Das mit den "Einmalverkäufen" in den Jahren 1999 und 2008 legal auf den Markt gelangte Elfenbein (und ggf. auch noch vorhandene Bestände aus der Zeit vor Oktober 1989) erweist sich heute als Problem. Der illegale Elfenbeinhandel verwendet ähnliche Methoden wie diejenigen der internationalen Geldwäscherei. Trotz des Handelsverbots gelangen so die Stoßzähne aus der Wildererei als legal deklariertes Elfenbein auf den Markt. Im Bericht des "Guardian" heißt es, im Jahre 2015 seien um die 20000 afrikanische Elefanten umgebracht worden - mehr als geboren wurden. Chinesisches Vermögen finanziere einen Hunger nach Elfenbein, der die Elefanten Afrikas noch innerhalb der Lebenszeit der heute lebenden Menschen auszurotten droht.

Das gewilderte Elfenbein gelangt zum großen Teil als Schmuggelware nach Europa, wo es "legale" Elfenbeinbestände gibt. Unter dem Deckmantel dieser Bestände wird das nun als "Legal" deklarierte gewilderte Elfenbein überwiegend nach Ostasien transportiert. Eigentlich hätte es - denke ich - irgendwann irgend jemandem auffallen müssen, dass sich die legalen Elfenbeinbestände in Europa auf wunderbare Weise zu "vermehren" scheinen ...
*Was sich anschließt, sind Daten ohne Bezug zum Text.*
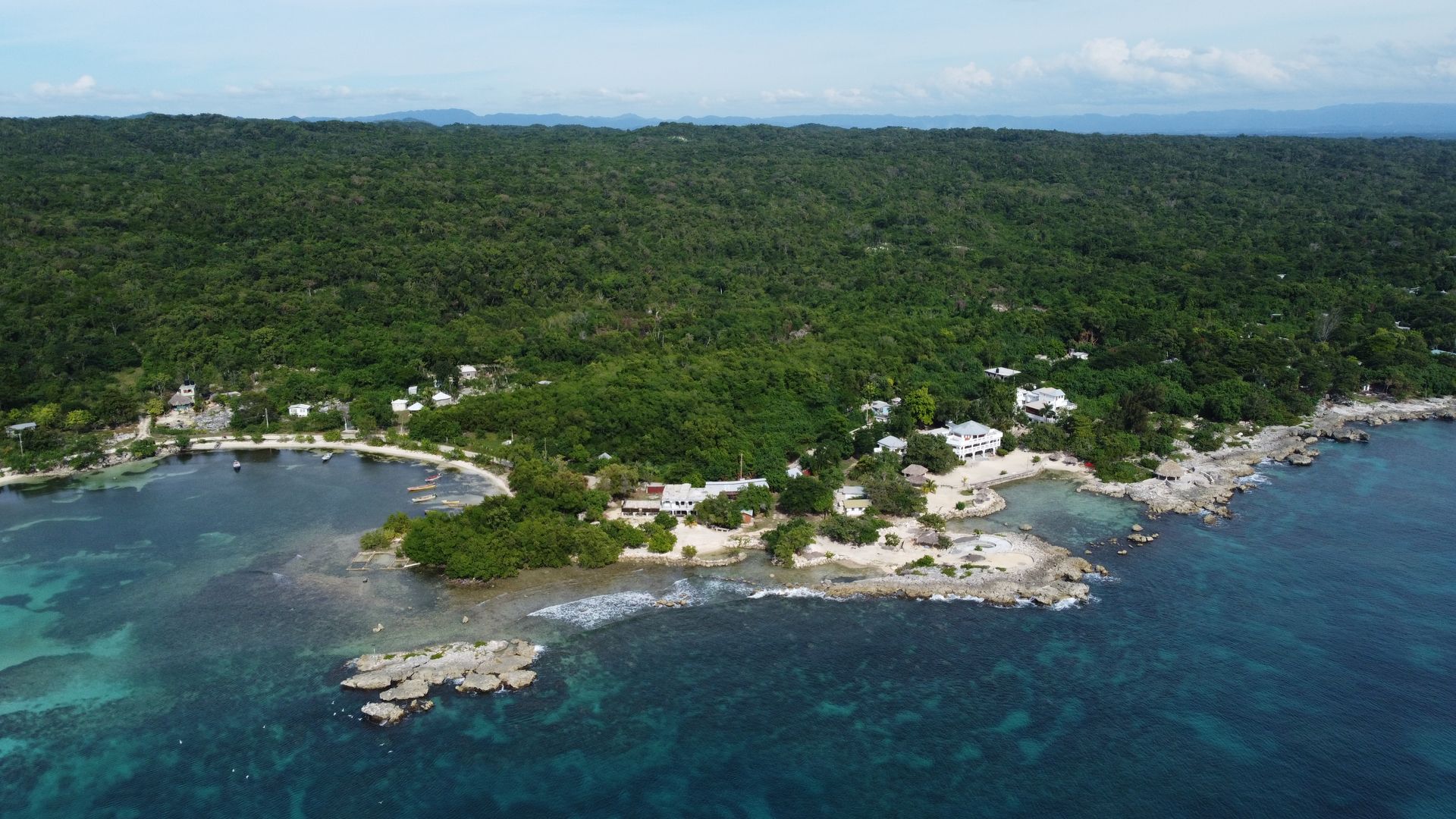 An aerial view of a small island in the middle of the ocean surrounded by trees.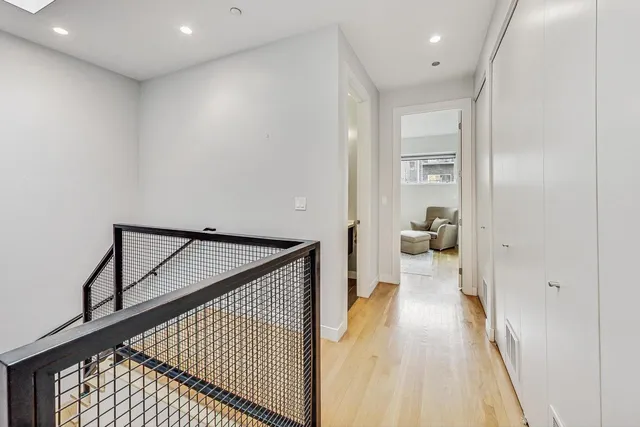 a view of a hallway with a couch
Steigende Nachfrage,  höhere Profite

Im Filmbeitrag des Weltspiegels aus dem Jahre 1998 heißt es, das Gewicht des Stoßzahns eines ausgewachsenen Elefanten könne weit über einen Zentner erreichen. In der damals noch britischen Kronkolonie Hongkong hätten sich die Preise in der Zeit von 1986 bis 1988 verdoppelt. Der Stoßzahn eines ausgewachsenen Elefanten könne ein Gewicht von weit über einem Zentner - die inoffizielle Maßeinheit "Zentner" entspricht in Deutschland 50 Kilogramm - erreichen und seinem Besitzer bis zu 20000 Mark einbringen (im Zuge der Einführung des Euro zum 01.01.2002 wären das etwa 10000 Euro gewesen). Heute werden dem n-tv Bericht zufolge in China ein Pfund (also 0,5 kg) Elfenbein für etwa 1000 Dollar (das entspräche etwa 900 Euro) gehandelt. 1988 wurden demzufolge für ein Kilogramm Elfenbein 200 Euro erzielt.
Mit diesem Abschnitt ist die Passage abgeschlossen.